YOUR ASSIGNMENT: Word for word, retype the records below.

RECORD EXTRACTS:
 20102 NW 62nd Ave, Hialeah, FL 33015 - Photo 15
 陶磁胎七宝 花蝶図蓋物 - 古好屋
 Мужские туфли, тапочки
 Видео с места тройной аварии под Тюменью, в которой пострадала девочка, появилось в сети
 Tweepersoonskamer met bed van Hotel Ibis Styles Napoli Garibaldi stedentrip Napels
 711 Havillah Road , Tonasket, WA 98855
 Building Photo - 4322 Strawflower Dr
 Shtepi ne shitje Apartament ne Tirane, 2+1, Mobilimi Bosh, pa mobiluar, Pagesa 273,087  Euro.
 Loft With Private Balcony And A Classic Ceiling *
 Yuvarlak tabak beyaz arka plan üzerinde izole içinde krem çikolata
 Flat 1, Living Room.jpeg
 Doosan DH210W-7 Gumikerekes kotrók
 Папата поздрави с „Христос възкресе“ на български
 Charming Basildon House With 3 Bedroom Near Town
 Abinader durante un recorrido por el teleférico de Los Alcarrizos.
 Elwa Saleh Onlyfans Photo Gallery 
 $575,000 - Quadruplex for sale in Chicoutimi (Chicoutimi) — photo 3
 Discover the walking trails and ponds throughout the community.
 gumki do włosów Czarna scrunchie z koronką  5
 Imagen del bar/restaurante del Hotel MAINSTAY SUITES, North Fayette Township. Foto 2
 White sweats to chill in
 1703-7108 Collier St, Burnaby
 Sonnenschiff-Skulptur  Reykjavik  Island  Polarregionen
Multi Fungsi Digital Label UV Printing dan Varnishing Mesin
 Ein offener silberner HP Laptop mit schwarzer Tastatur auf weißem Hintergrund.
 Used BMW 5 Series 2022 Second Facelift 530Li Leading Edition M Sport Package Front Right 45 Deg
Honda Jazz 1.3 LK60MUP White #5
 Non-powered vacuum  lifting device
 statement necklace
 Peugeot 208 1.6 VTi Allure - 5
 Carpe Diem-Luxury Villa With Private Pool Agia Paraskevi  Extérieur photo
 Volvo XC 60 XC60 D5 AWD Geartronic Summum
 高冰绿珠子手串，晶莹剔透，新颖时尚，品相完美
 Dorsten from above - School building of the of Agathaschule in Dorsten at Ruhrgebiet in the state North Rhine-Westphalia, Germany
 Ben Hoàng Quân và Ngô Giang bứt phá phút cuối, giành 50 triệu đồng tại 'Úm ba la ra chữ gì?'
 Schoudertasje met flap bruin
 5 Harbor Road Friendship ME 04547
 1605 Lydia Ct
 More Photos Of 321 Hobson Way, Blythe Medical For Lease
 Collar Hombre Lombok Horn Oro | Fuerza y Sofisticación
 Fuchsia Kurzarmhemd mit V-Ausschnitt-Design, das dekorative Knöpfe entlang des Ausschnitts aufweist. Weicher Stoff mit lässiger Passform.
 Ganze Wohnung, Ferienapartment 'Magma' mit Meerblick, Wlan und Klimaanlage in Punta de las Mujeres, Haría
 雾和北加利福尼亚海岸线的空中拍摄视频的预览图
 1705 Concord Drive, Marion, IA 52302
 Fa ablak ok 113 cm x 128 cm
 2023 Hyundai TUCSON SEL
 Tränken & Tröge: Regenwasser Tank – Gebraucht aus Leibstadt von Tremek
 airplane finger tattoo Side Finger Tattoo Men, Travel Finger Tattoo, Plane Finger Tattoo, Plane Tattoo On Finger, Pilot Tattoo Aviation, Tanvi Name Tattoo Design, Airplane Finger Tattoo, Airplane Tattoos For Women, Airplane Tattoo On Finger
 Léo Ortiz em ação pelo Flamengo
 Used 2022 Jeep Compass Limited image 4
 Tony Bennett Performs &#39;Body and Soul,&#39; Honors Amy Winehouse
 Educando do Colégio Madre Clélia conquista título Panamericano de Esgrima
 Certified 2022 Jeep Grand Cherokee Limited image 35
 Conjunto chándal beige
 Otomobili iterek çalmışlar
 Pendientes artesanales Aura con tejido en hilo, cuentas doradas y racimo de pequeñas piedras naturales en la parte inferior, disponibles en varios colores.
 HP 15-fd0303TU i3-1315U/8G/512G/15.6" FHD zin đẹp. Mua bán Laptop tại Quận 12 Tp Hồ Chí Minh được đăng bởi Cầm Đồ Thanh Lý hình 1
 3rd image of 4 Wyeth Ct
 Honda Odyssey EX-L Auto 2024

REPLY:
 20102 NW 62nd Ave, Hialeah, FL 33015 - Photo 15
 陶磁胎七宝 花蝶図蓋物 - 古好屋
 Мужские туфли, тапочки
 Видео с места тройной аварии под Тюменью, в которой пострадала девочка, появилось в сети
 Tweepersoonskamer met bed van Hotel Ibis Styles Napoli Garibaldi stedentrip Napels
 711 Havillah Road , Tonasket, WA 98855
 Building Photo - 4322 Strawflower Dr
 Shtepi ne shitje Apartament ne Tirane, 2+1, Mobilimi Bosh, pa mobiluar, Pagesa 273,087  Euro.
 Loft With Private Balcony And A Classic Ceiling *
 Yuvarlak tabak beyaz arka plan üzerinde izole içinde krem çikolata
 Flat 1, Living Room.jpeg
 Doosan DH210W-7 Gumikerekes kotrók
 Папата поздрави с „Христос възкресе“ на български
 Charming Basildon House With 3 Bedroom Near Town
 Abinader durante un recorrido por el teleférico de Los Alcarrizos.
 Elwa Saleh Onlyfans Photo Gallery 
 $575,000 - Quadruplex for sale in Chicoutimi (Chicoutimi) — photo 3
 Discover the walking trails and ponds throughout the community.
 gumki do włosów Czarna scrunchie z koronką  5
 Imagen del bar/restaurante del Hotel MAINSTAY SUITES, North Fayette Township. Foto 2
 White sweats to chill in
 1703-7108 Collier St, Burnaby
 Sonnenschiff-Skulptur  Reykjavik  Island  Polarregionen
Multi Fungsi Digital Label UV Printing dan Varnishing Mesin
 Ein offener silberner HP Laptop mit schwarzer Tastatur auf weißem Hintergrund.
 Used BMW 5 Series 2022 Second Facelift 530Li Leading Edition M Sport Package Front Right 45 Deg
Honda Jazz 1.3 LK60MUP White #5
 Non-powered vacuum  lifting device
 statement necklace
 Peugeot 208 1.6 VTi Allure - 5
 Carpe Diem-Luxury Villa With Private Pool Agia Paraskevi  Extérieur photo
 Volvo XC 60 XC60 D5 AWD Geartronic Summum
 高冰绿珠子手串，晶莹剔透，新颖时尚，品相完美
 Dorsten from above - School building of the of Agathaschule in Dorsten at Ruhrgebiet in the state North Rhine-Westphalia, Germany
 Ben Hoàng Quân và Ngô Giang bứt phá phút cuối, giành 50 triệu đồng tại 'Úm ba la ra chữ gì?'
 Schoudertasje met flap bruin
 5 Harbor Road Friendship ME 04547
 1605 Lydia Ct
 More Photos Of 321 Hobson Way, Blythe Medical For Lease
 Collar Hombre Lombok Horn Oro | Fuerza y Sofisticación
 Fuchsia Kurzarmhemd mit V-Ausschnitt-Design, das dekorative Knöpfe entlang des Ausschnitts aufweist. Weicher Stoff mit lässiger Passform.
 Ganze Wohnung, Ferienapartment 'Magma' mit Meerblick, Wlan und Klimaanlage in Punta de las Mujeres, Haría
 雾和北加利福尼亚海岸线的空中拍摄视频的预览图
 1705 Concord Drive, Marion, IA 52302
 Fa ablak ok 113 cm x 128 cm
 2023 Hyundai TUCSON SEL
 Tränken & Tröge: Regenwasser Tank – Gebraucht aus Leibstadt von Tremek
 airplane finger tattoo Side Finger Tattoo Men, Travel Finger Tattoo, Plane Finger Tattoo, Plane Tattoo On Finger, Pilot Tattoo Aviation, Tanvi Name Tattoo Design, Airplane Finger Tattoo, Airplane Tattoos For Women, Airplane Tattoo On Finger
 Léo Ortiz em ação pelo Flamengo
 Used 2022 Jeep Compass Limited image 4
 Tony Bennett Performs &#39;Body and Soul,&#39; Honors Amy Winehouse
 Educando do Colégio Madre Clélia conquista título Panamericano de Esgrima
 Certified 2022 Jeep Grand Cherokee Limited image 35
 Conjunto chándal beige
 Otomobili iterek çalmışlar
 Pendientes artesanales Aura con tejido en hilo, cuentas doradas y racimo de pequeñas piedras naturales en la parte inferior, disponibles en varios colores.
 HP 15-fd0303TU i3-1315U/8G/512G/15.6" FHD zin đẹp. Mua bán Laptop tại Quận 12 Tp Hồ Chí Minh được đăng bởi Cầm Đồ Thanh Lý hình 1
 3rd image of 4 Wyeth Ct
 Honda Odyssey EX-L Auto 2024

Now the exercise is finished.